Activity:
Reproduce, from the lines below, exactly the stretch that begins at the line containing "1 soveværelse Lejlighed" and ends at the line containing "2600 Harmon, Las Vegas, NV 89158", both included.

Supplied records:
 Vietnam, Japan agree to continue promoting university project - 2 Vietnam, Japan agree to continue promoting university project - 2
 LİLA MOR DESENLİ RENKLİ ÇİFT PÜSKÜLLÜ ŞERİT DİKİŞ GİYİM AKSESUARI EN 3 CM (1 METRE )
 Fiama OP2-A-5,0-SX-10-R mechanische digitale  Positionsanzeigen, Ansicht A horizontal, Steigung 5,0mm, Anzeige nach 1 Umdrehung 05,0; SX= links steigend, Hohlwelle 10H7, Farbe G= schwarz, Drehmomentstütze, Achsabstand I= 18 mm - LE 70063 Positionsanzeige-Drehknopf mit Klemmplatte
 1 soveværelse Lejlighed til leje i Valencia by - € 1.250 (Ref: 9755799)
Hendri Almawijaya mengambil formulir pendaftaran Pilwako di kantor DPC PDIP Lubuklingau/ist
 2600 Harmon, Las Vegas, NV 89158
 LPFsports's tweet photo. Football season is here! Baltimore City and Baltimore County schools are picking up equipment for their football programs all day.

Result:
 1 soveværelse Lejlighed til leje i Valencia by - € 1.250 (Ref: 9755799)
Hendri Almawijaya mengambil formulir pendaftaran Pilwako di kantor DPC PDIP Lubuklingau/ist
 2600 Harmon, Las Vegas, NV 89158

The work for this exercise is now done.